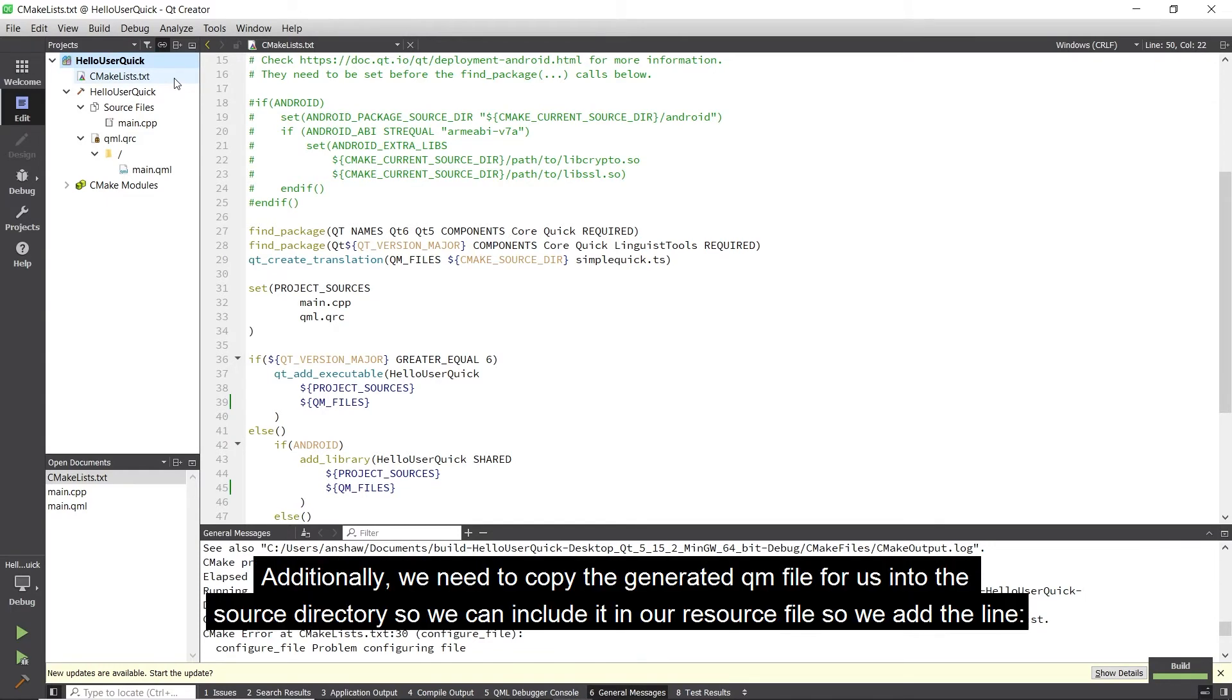Additionally, we need to copy the generated QM file for us into the source directory, so we can include it in our resource file.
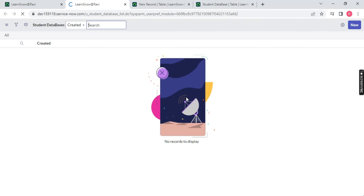I have created my own table. The table name is 'u_database' and the label is 'Student Database' — that's what I've been telling you since day one: this is the label and this is the table name. Click New and you can see there is no record or column available yet. Let me create one. Let me click New and create one column.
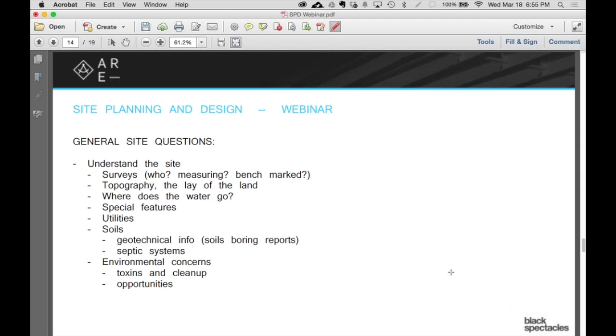Do I order the survey? The answer is no. Why do I not order the survey? Because contractually, it's the owner's responsibility. The owner is going to give you the site. That means they give you the survey, the geotechnical report, the environmental report. They also give you a program and a couple other things. That's part of the contract.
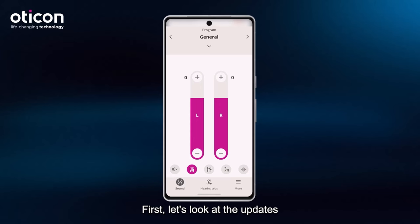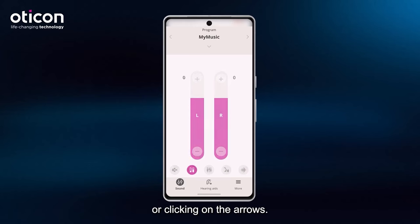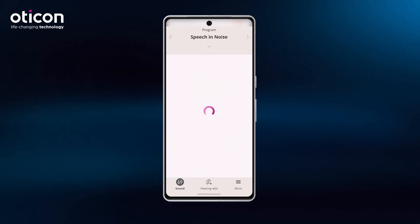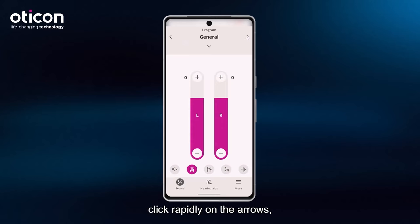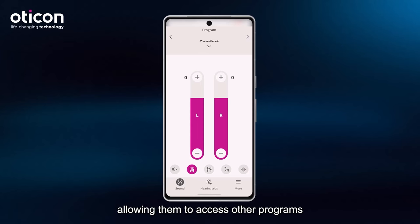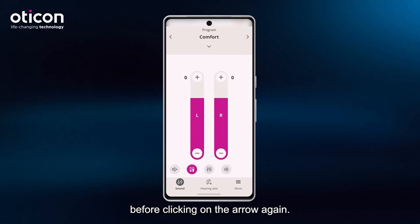First, let's look at the updates to the program selector. The program selector now allows the user to change program by either swiping or clicking on the arrows. Also, the user can now click rapidly on the arrows, allowing them to access other programs without waiting for each program to load before clicking on the arrow again.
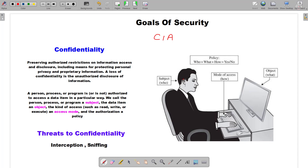Using those policies, we can make sure who has access to what data and how they can access it. You have to make a policy using which you can dictate the terms that this particular user can access this particular data using either read, write, or execute mode. For example, if a person wants to access a computer, the access rights will be checked first. If that person doesn't have the access rights for that data, then that person will be denied access. This is what we call Confidentiality.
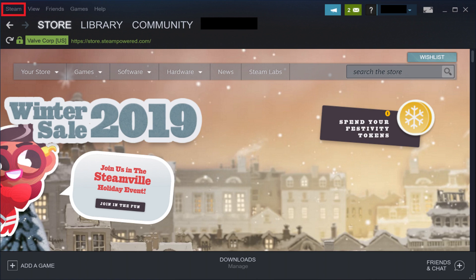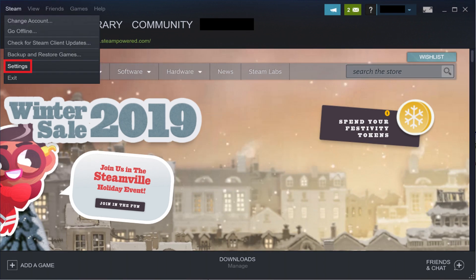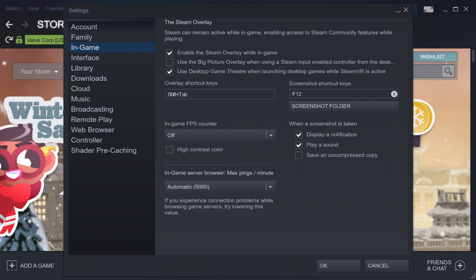Step 2. Click Steam in the row of menu options along the top of the screen to open a drop-down menu, and then click Settings in the drop-down menu. The Settings window appears.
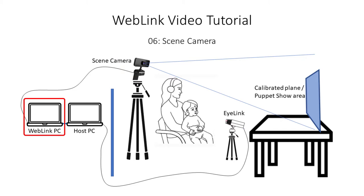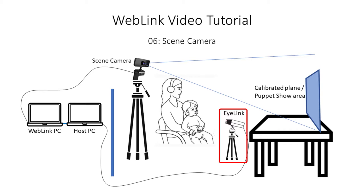The webcam is attached to the computer running Weblink. The iLink camera needs to be at the usual distance from the participant and slightly below the puppet show area, just as it would be slightly below the monitor in a typical eye tracking scenario.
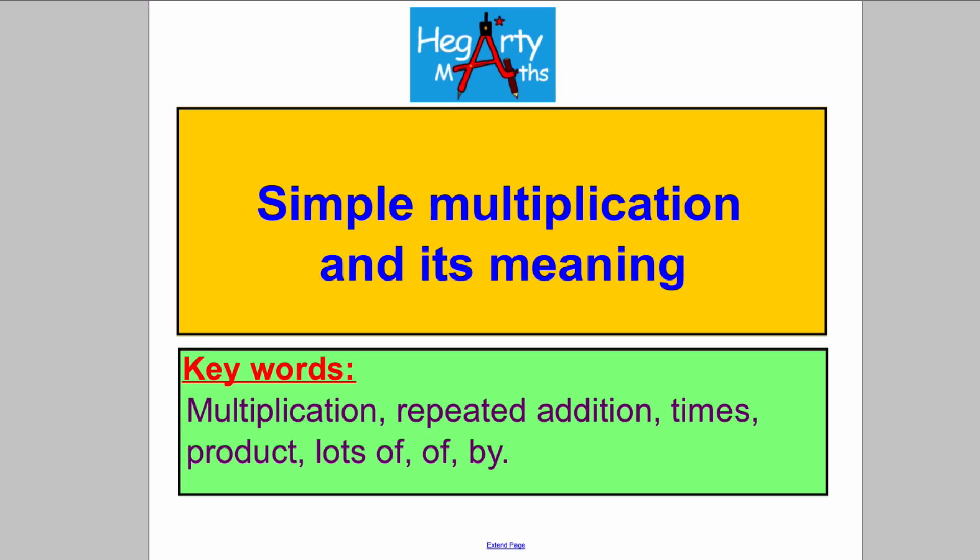Hi there and welcome to another video from Hegarty Maths. It's Mr. Hegarty here, and in this video we're talking about simple multiplication and its meaning.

::::::::

■ **Exercise goal**: Skipping any images, write out all the data exactly.

■ **Exercise answer**:
Additionally, we need to copy the generated QM file for us into the source directory, so we can include it in our resource file.
I have created my own table. The table name is 'u_database' and the label is 'Student Database' — that's what I've been telling you since day one: this is the label and this is the table name. Click New and you can see there is no record or column available yet. Let me create one. Let me click New and create one column.
Do I order the survey? The answer is no. Why do I not order the survey? Because contractually, it's the owner's responsibility. The owner is going to give you the site. That means they give you the survey, the geotechnical report, the environmental report. They also give you a program and a couple other things. That's part of the contract.
First, let's look at the updates to the program selector. The program selector now allows the user to change program by either swiping or clicking on the arrows. Also, the user can now click rapidly on the arrows, allowing them to access other programs without waiting for each program to load before clicking on the arrow again.
Using those policies, we can make sure who has access to what data and how they can access it. You have to make a policy using which you can dictate the terms that this particular user can access this particular data using either read, write, or execute mode. For example, if a person wants to access a computer, the access rights will be checked first. If that person doesn't have the access rights for that data, then that person will be denied access. This is what we call Confidentiality.
Step 2. Click Steam in the row of menu options along the top of the screen to open a drop-down menu, and then click Settings in the drop-down menu. The Settings window appears.
The webcam is attached to the computer running Weblink. The iLink camera needs to be at the usual distance from the participant and slightly below the puppet show area, just as it would be slightly below the monitor in a typical eye tracking scenario.
Hi there and welcome to another video from Hegarty Maths. It's Mr. Hegarty here, and in this video we're talking about simple multiplication and its meaning.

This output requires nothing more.